Whitehead Torsion

Motivation: "그들의 대화" 에서 최근에 나오는 핵심 용어들 중 하나가 Whitehead torsion이라는 것인데, 이러한 것을 고려하는 이유에 대해서 먼저 설명하기로. 모든 것의 기원은 소위 "cobordism theory"에 기반을 함: Let $M$ and $N$ be smooth closed manifolds of dimension $n$. An \textit{$h$-cobordism} from $M$ to $N$ is a compact smooth manifold $B$ of dimension $(n+1)$ with boundary $\partial B \cong M\coprod N$ having the property that the inclusion maps from $M$ and $N$ to $B$ are homotopy equivalences. If $n\geq 5$ and the manifold $M$ is simply connected, then the Smale's $h$-cobordism theorem says that $B$ is diffeomorphic to a product $M\times [0,1]$ (and, in particular, $M$ is diffeomorphic to $N$).

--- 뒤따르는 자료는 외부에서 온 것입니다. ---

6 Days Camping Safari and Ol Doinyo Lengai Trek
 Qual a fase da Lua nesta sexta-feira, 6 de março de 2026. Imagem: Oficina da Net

다시 말해서, cobordism은 두 다양체 M,N을 자연스럽게 interpolate하는 것을 말함. 여기서 $h$는 homotopy를 말하고, 그 이유는 up to homotopy로 interpolate을 했기 때문. 5차원 이상에서는 이것이 어떤 면에서 ``trivial'' 하다는 것을 말함. Smale이 이 정리를 이용해서 5차원 이상에서의 Poincare Conjecture를 풀었음 (예에에전에 한번 이거 관련 글 썼던 것 같음).

이러한 좋은 이유에 의해서 cobordism theory를 not simply connected인 경우에는 어떻게 사용할 수 있을까 사람들이 고심을 하고, 그렇게 나온 것이 s-cobordism theory임. 이것을 좀 더 자세히 설명하기 위해서는 몇몇 정의들이 필요함:

Definition. Let $X$ be a finite simplicial complex. Suppose that there is a simplex $\sigma\subset X$ containing a face $\sigma_0\subset\sigma$ such that $\sigma$ is not contained in any larger simplex of $X$, and $\sigma_0$ is not contained in any larger simplex other than $\sigma$. Let $Y\subset X$ be the subcomplex obtained by removing the interiors of $\sigma$ and $\sigma_0$. Then the inclusion $\iota:Y\hookrightarrow X$ is a homotopy equivalence. In this situation, we will say that $\iota$ is an \textit{elementary expansion}. Note that $Y$ is a retract of $X$; a retraction $X$ onto $Y$ will be called the \textit{elementary collapse}.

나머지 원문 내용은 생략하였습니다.